● **AIM OF THE TASK**:
The expected answer is the data below, printed verbatim without its pictures.

● **PROVIDED DATA**:

━━━━━━━━

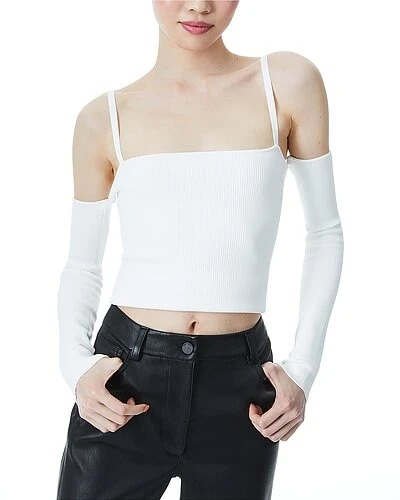 Alice + Olivia Evia Fitted Square Neck Top Women 1 Alice + Olivia Evia Fitted Square Neck Top Women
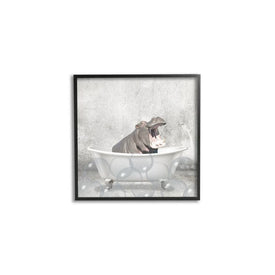 Baby Hippo Bath Time Cute Animal Design 24"x24" Oversized Black Framed Giclee Texturized Art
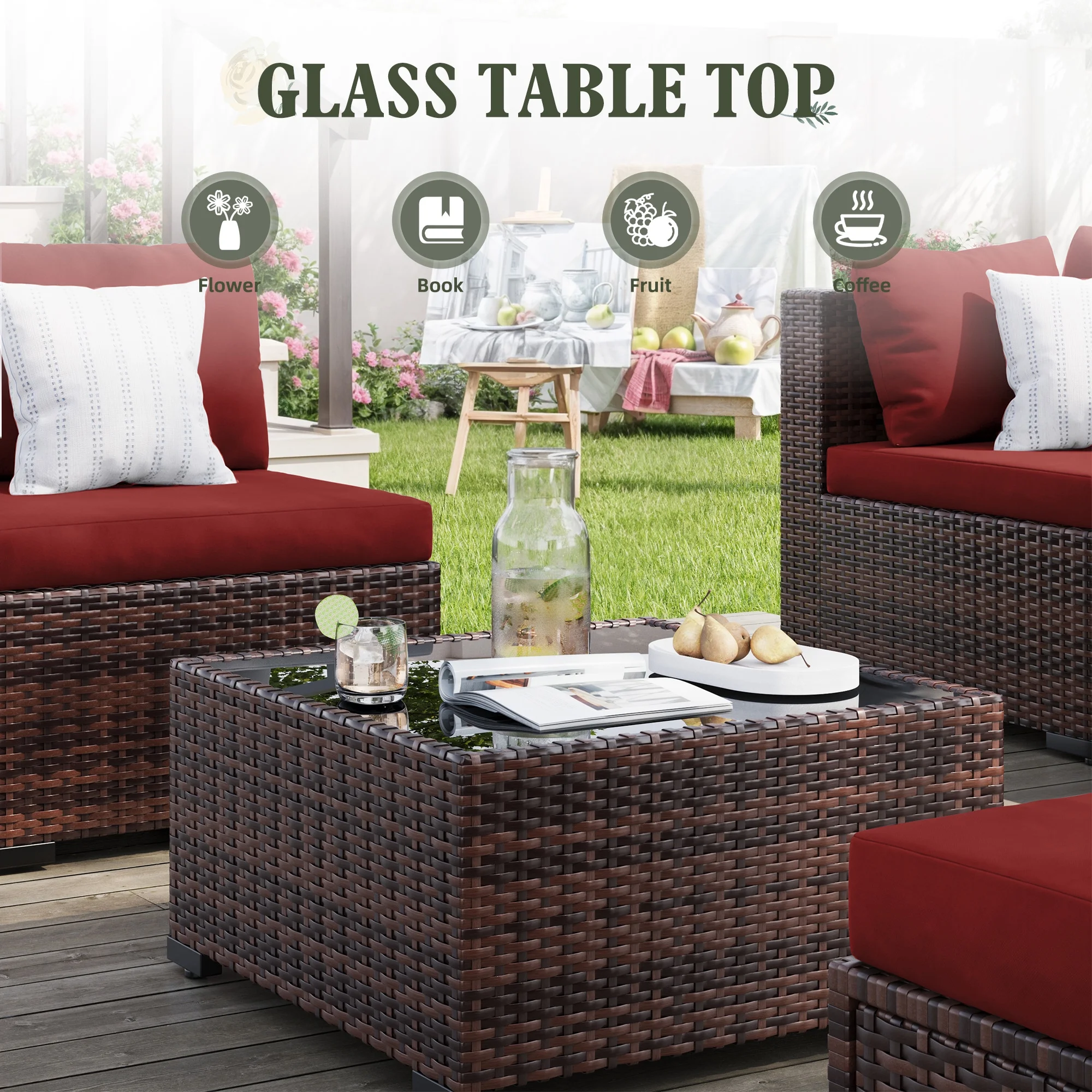 7 Pieces Patio Conversation Set, Outdoor Sectional PE Rattan Wicker Furniture Seat,Dark Gray - Image 20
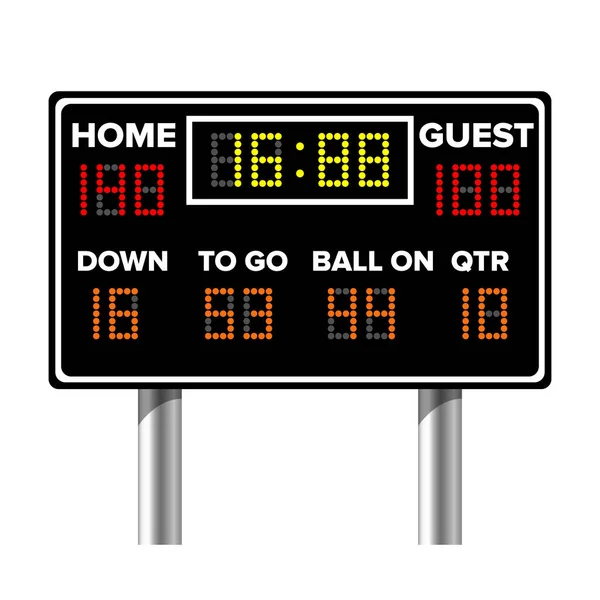 American Football Scoreboard. Sportspielwertung. digitale LED-Punkte. Vektorillustration — Stockvektor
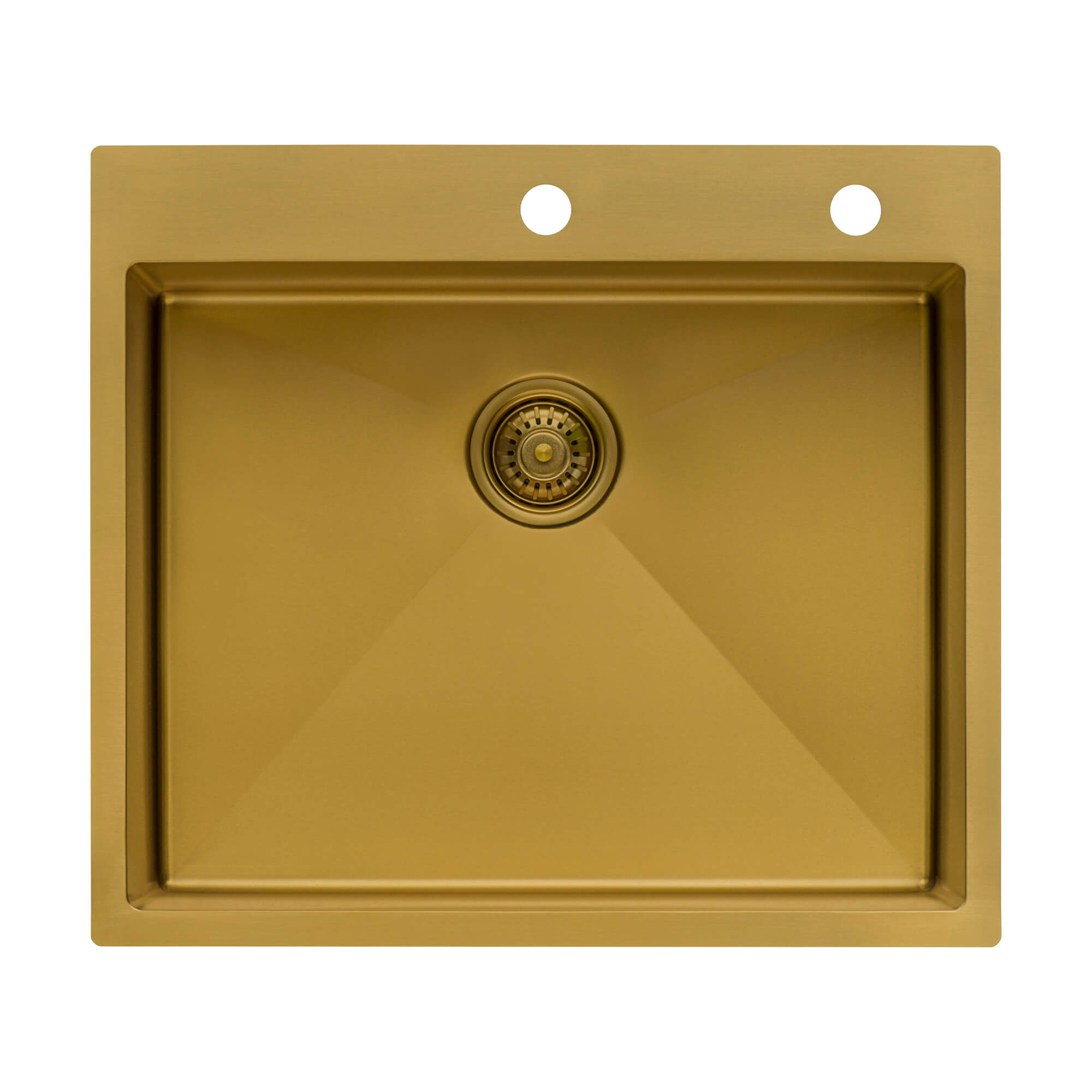 Alternate Image for Ruvati Terraza 25" Drop-in Topmount Stainless Steel Kitchen Sink, Matte Gold Brass Tone, 16 Gauge, RVH5007GG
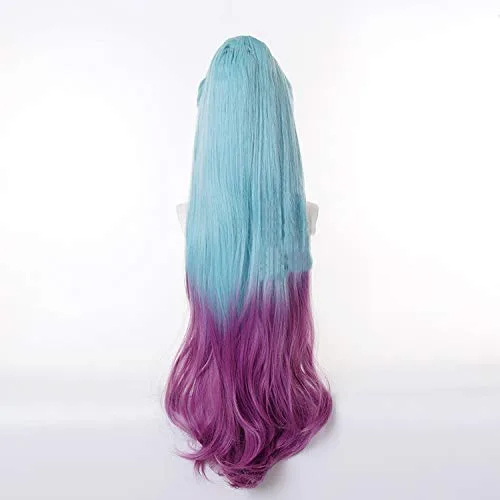 Vista 2 de Peluca de cabello ondulado largo degradado Anime Cosplay Hair COS (Azul)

━━━━━━━━

● **TASK RESPONSE**:
 Alice + Olivia Evia Fitted Square Neck Top Women 1 Alice + Olivia Evia Fitted Square Neck Top Women
 Baby Hippo Bath Time Cute Animal Design 24"x24" Oversized Black Framed Giclee Texturized Art
 7 Pieces Patio Conversation Set, Outdoor Sectional PE Rattan Wicker Furniture Seat,Dark Gray - Image 20
 American Football Scoreboard. Sportspielwertung. digitale LED-Punkte. Vektorillustration — Stockvektor
 Alternate Image for Ruvati Terraza 25" Drop-in Topmount Stainless Steel Kitchen Sink, Matte Gold Brass Tone, 16 Gauge, RVH5007GG
 Vista 2 de Peluca de cabello ondulado largo degradado Anime Cosplay Hair COS (Azul)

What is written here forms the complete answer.